She paid no attention to the laugh in which even Anne joined timidly. She was looking at Colonel Boucicault, who had shifted his position like a sleeper unpleasantly disturbed, but the remark which seemed on the edge of her compressed lips was not destined to be uttered.
At that moment a bell announced the next chukka; a stir passed round the enclosure and Mrs. Compton, who, in spirit, played a magnificent game for Gaya, forgot Boucicault and Tristram in her stern concentration on the field.

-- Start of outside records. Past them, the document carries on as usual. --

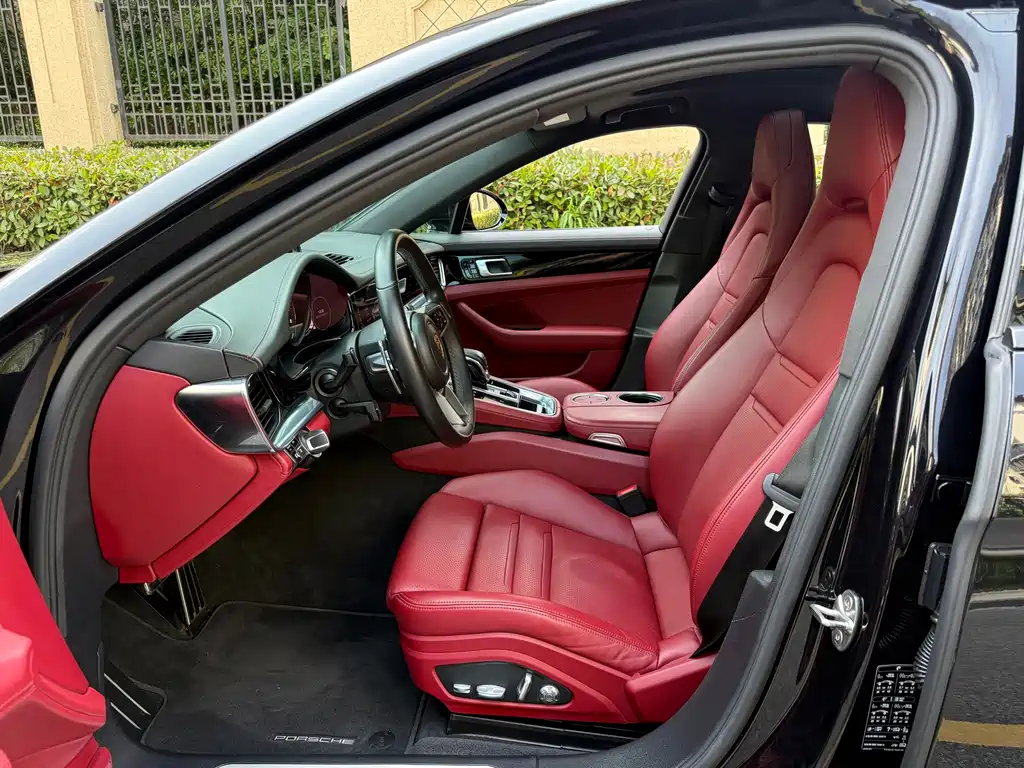 Porsche Panamera 4 E-Hybrid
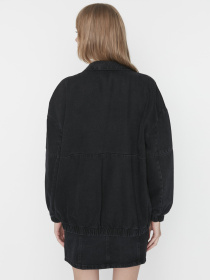 Джинсова куртка Trendyol модель TWOAW23CE00213/Siyah Фото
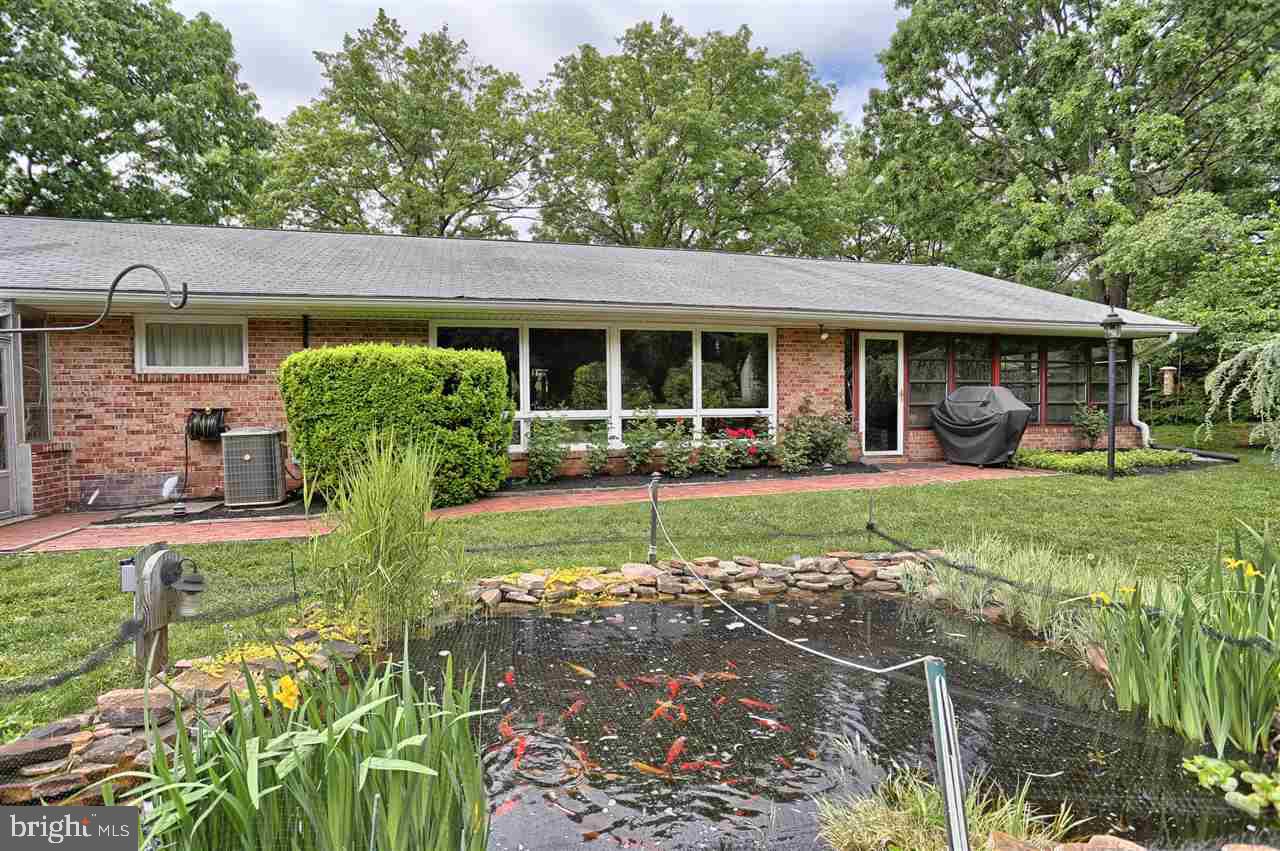 1830 Lilac Road York, PA 17408 - Photo 31 of 36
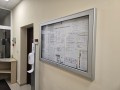 Gablota zewnętrzna otwierana do góry z siłownikami gazowymi
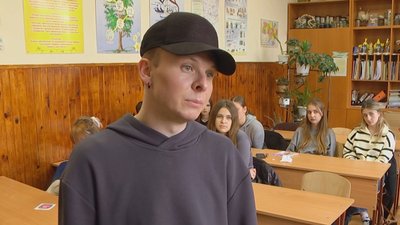 Актор обласного академічного музично-драматичного театру імені М. Старицького Дмитро Франчук – головний та єдиний герой вистави "Перший урок" Актор обласного академічного музично-драматичного театру імені М. Старицького Дмитро Франчук – головний та єдиний герой вистави "Перший урок"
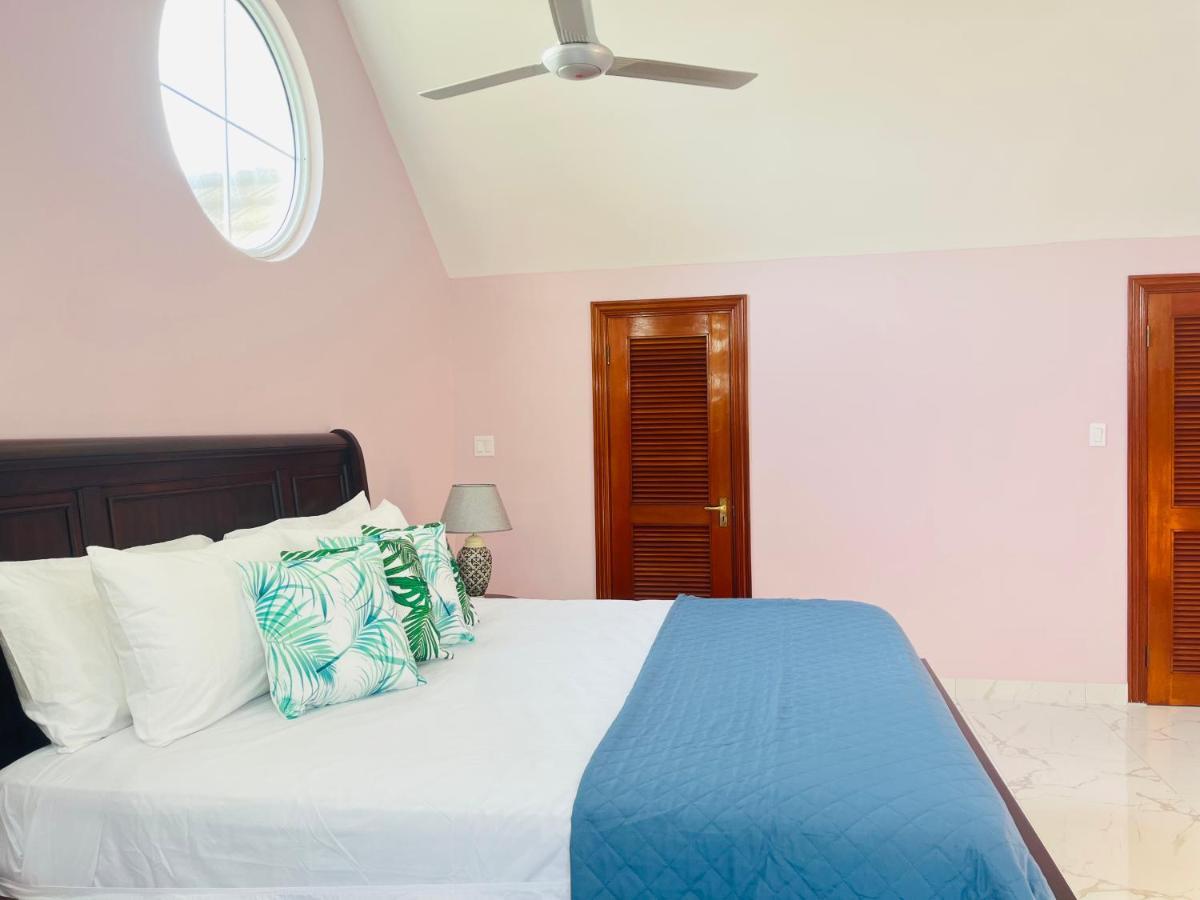 Luxury Apartments And Rooms,The Lagoons Montego Bay Exterior photo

Rasaldû braced himself and turned with a smile to Sigrid. He felt more confident. In a minute she would be forced to look at him, to admire him, to acknowledge that he also "played the game."
"Wish me luck!" he begged cheerily.
"Return victorious!" she returned, in mock heroics. "For the victors, Mrs. Compton and I have prepared a mighty feast in the gardens of the dâk-bungalow, and the vanquished shall sit afar off and partake only of the crumbs of our graciousness. Be not among the vanquished, O Rajah!"
"To win the place of honour, I will make a goal every five minutes, or perish," he boasted elatedly.
He swung himself on to the back of the pony which his groom held ready for him, and with a flourish trotted to his place on the field.
Boucicault awoke then completely from his black brooding. He bent forward, staring straight into Sigrid Fersen's face, his clenched teeth shown in a smile that had in its mirthless, contained fury the elements of insanity.
"You are a very great friend of Rajah Rasaldû, Miss Fersen," he said.
She looked at him steadily, measuring the quality of the challenge which he had thrown down.